#### [What to work on]
Word for word, transcribe every line from the one holding "Vintage Style Square" through the end of the records, but not the pictures.

________

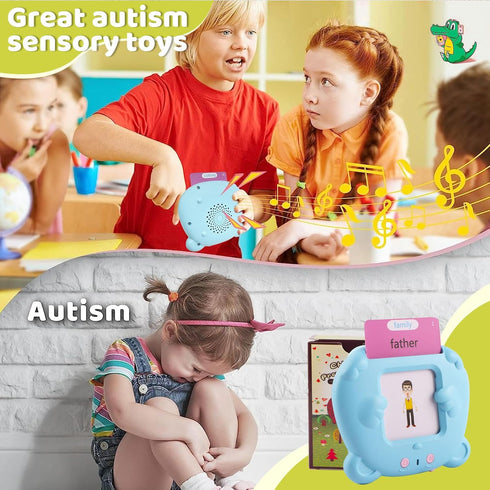 Talking Flash Cards for Toddlers 1 2 3 4 5 Years, 224 Sight Words, Autism Sensory Toys for Autistic Children,Learning Montessori Toys, Educational...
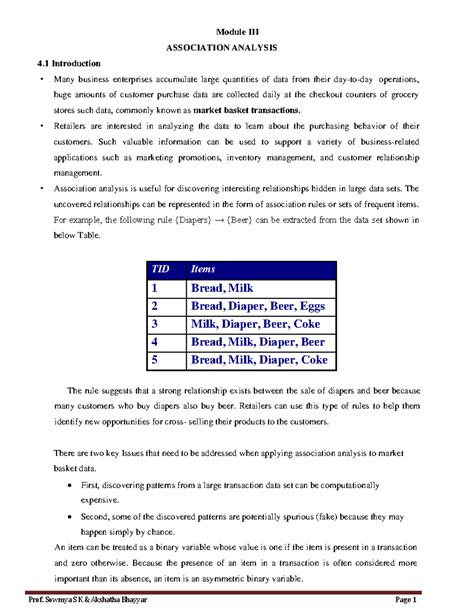 Module 3 DM Notes for 2nd internals - 4 Introduction Module III ...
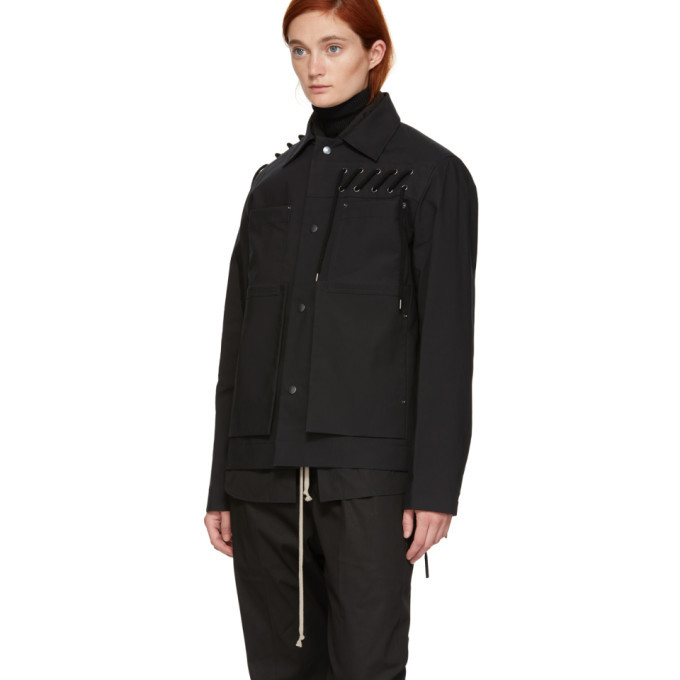 Craig Green Black Laced Worker Jacket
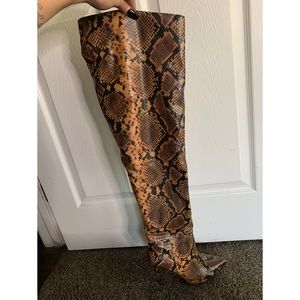 SOLD Harlow Snakeskin Steve Madden Boots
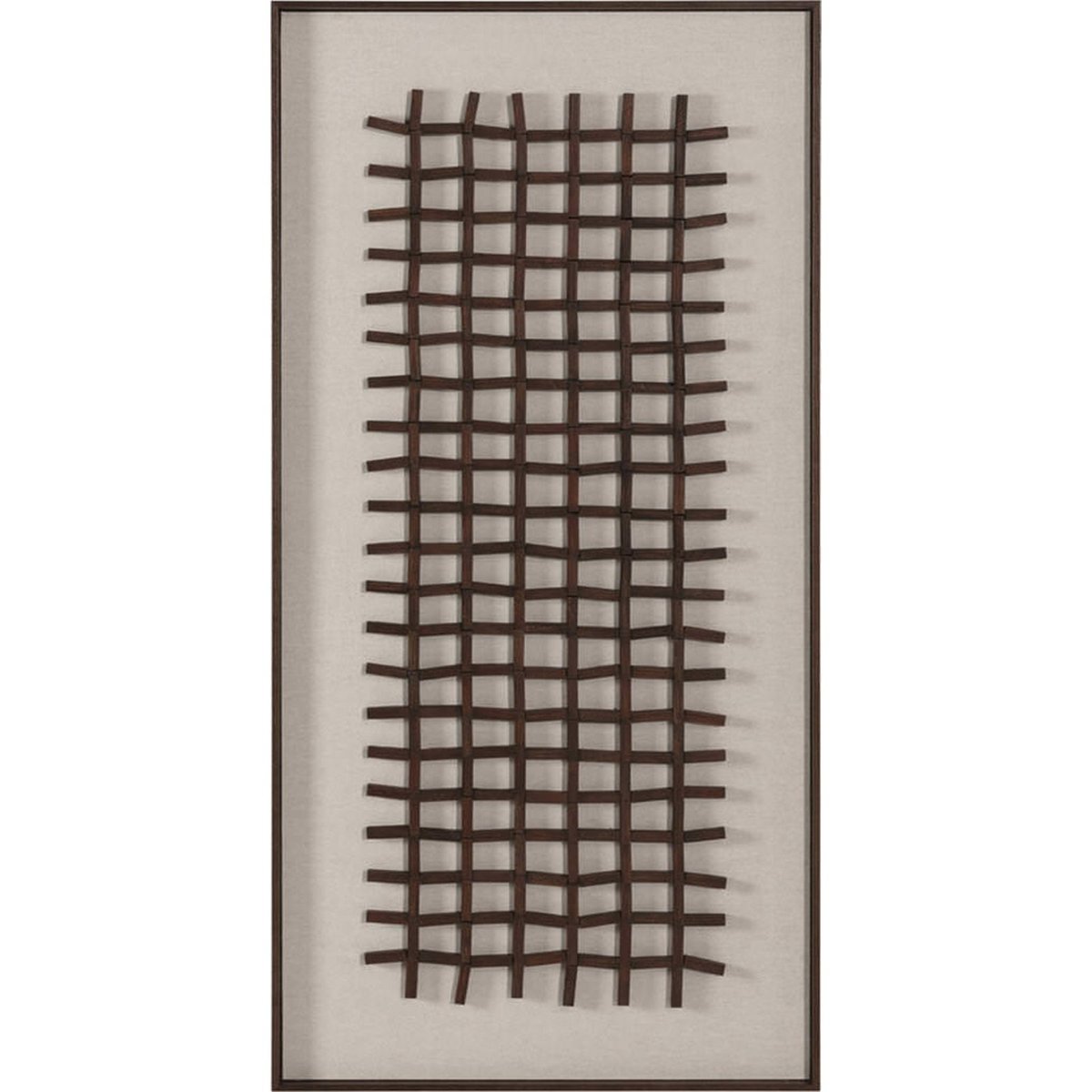 Tableau mural géométrique en bois et verre brun, RECOLLECTION
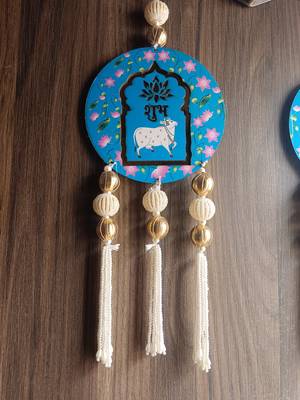 decorative shubh labh hanging for diwali home decor pack of 2 3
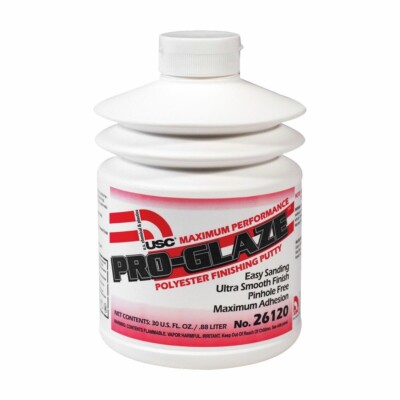 USC 26120 Pro-Glaze Maximum Performance Polyester Finishing Putty (30 oz.)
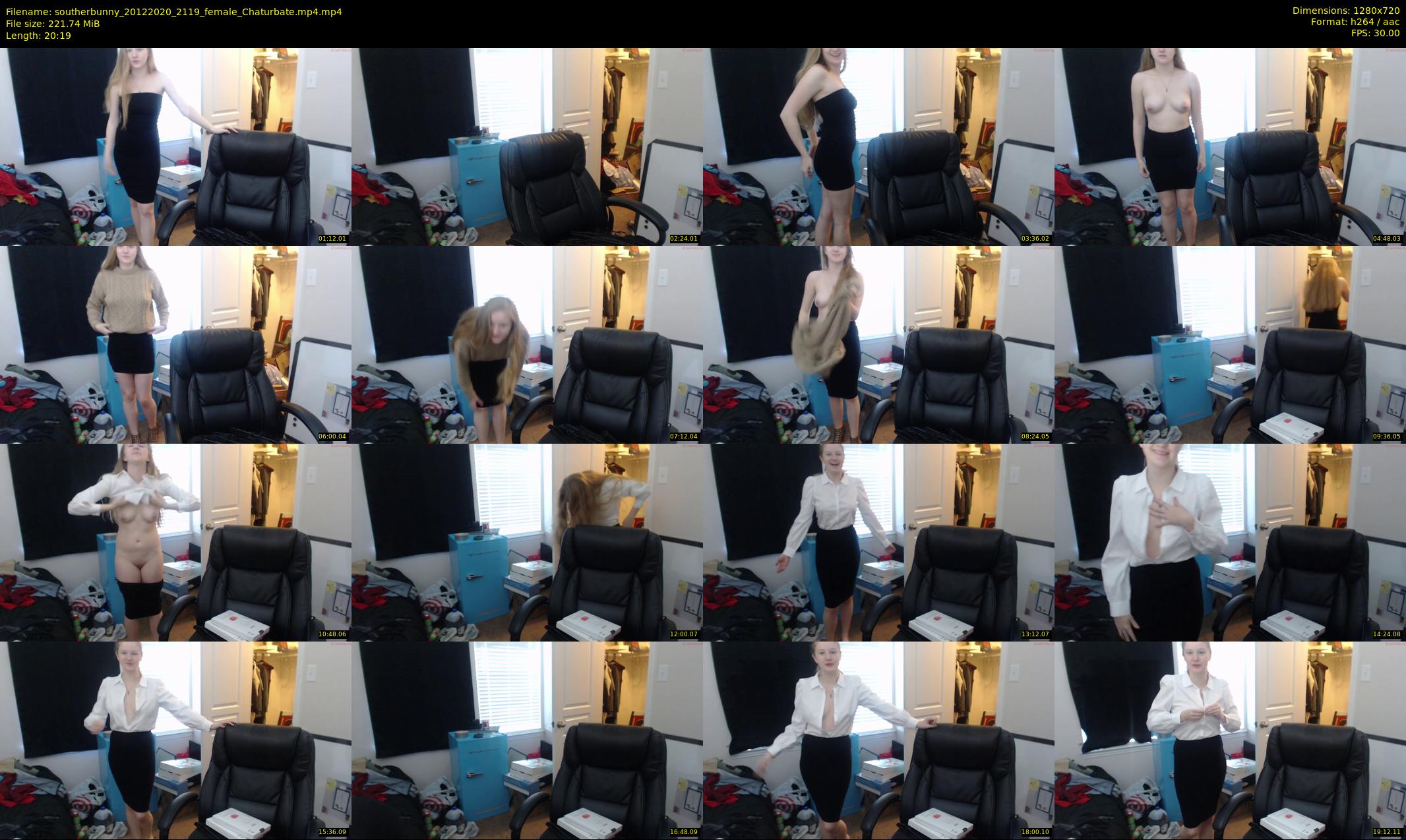 southerbunny — 21 minute Chaturbate female cam show recording, 720p, Dec 20, 2020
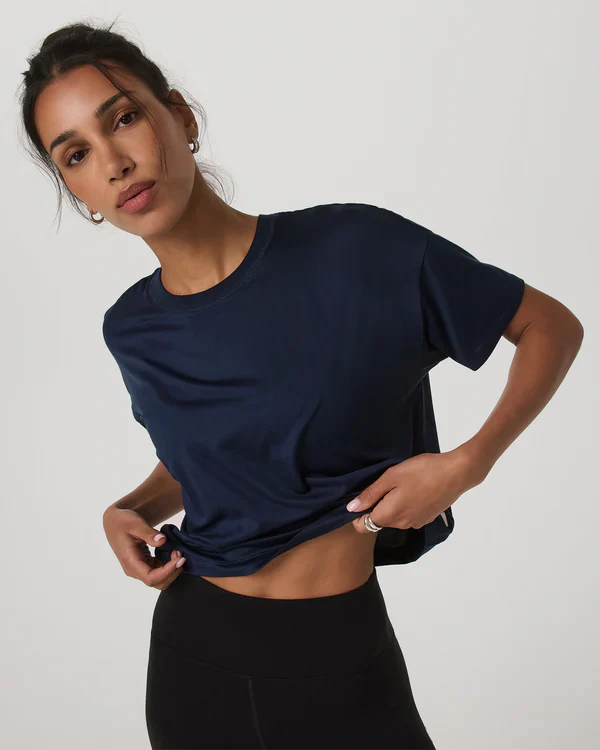 Vuori Energy Tee - Blue Coast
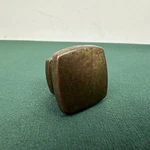 Vintage Style Square Cabinet Knob Brushed Antique Brass 1 Drawer Pull. Fixed Price $12.99.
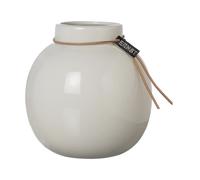 ERNST Ernst glazed vase white Ø22 cm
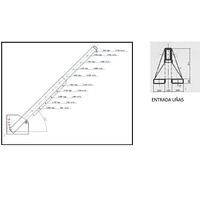 5,000kg adjustable crane for forklifts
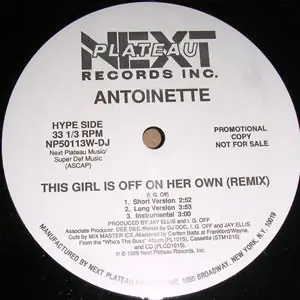 Antoinette - This Girl Is Off On Her Own (Remix) / I'm Crying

________

#### [Exercise answer]
 Vintage Style Square Cabinet Knob Brushed Antique Brass 1 Drawer Pull. Fixed Price $12.99.
 ERNST Ernst glazed vase white Ø22 cm
 5,000kg adjustable crane for forklifts
 Antoinette - This Girl Is Off On Her Own (Remix) / I'm Crying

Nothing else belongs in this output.